» **What is being asked**
Write out word for word the lines from the one holding "Download Lagu Derma" through the end of the data, and only those lines. Pictures stay out.
Top of Task data
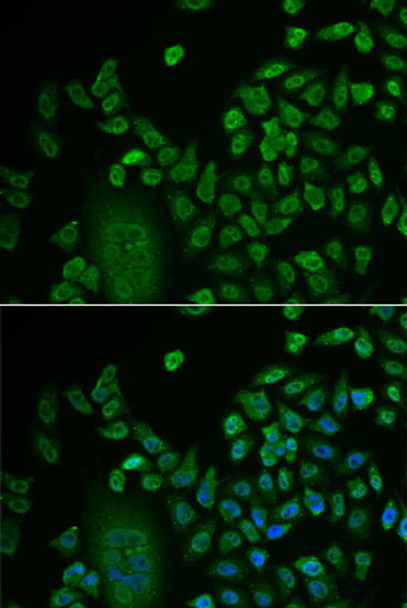 Epigenetics and Nuclear Signaling Antibodies 1 Anti-LSM4 Antibody CAB13588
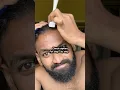 Download Lagu Derma rolling methods #hair #hairlosstreatment #dermaroller #dermarolling
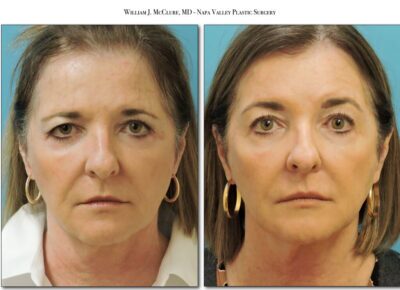Browlift – Dr. McClure 9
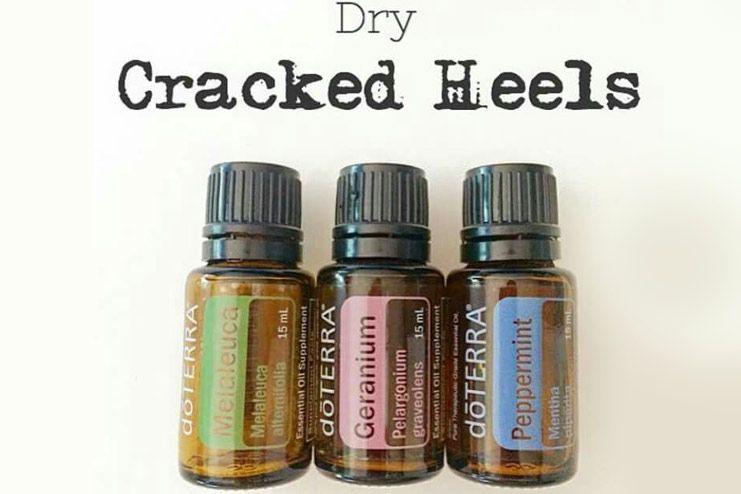 Essential oils for Dry Cracked Feet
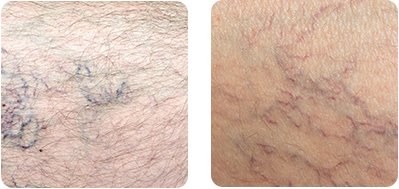 Best varicose vein removal procedure| Vein experts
Bottom of Task data
» **Response area**
 Download Lagu Derma rolling methods #hair #hairlosstreatment #dermaroller #dermarolling
Browlift – Dr. McClure 9
 Essential oils for Dry Cracked Feet
 Best varicose vein removal procedure| Vein experts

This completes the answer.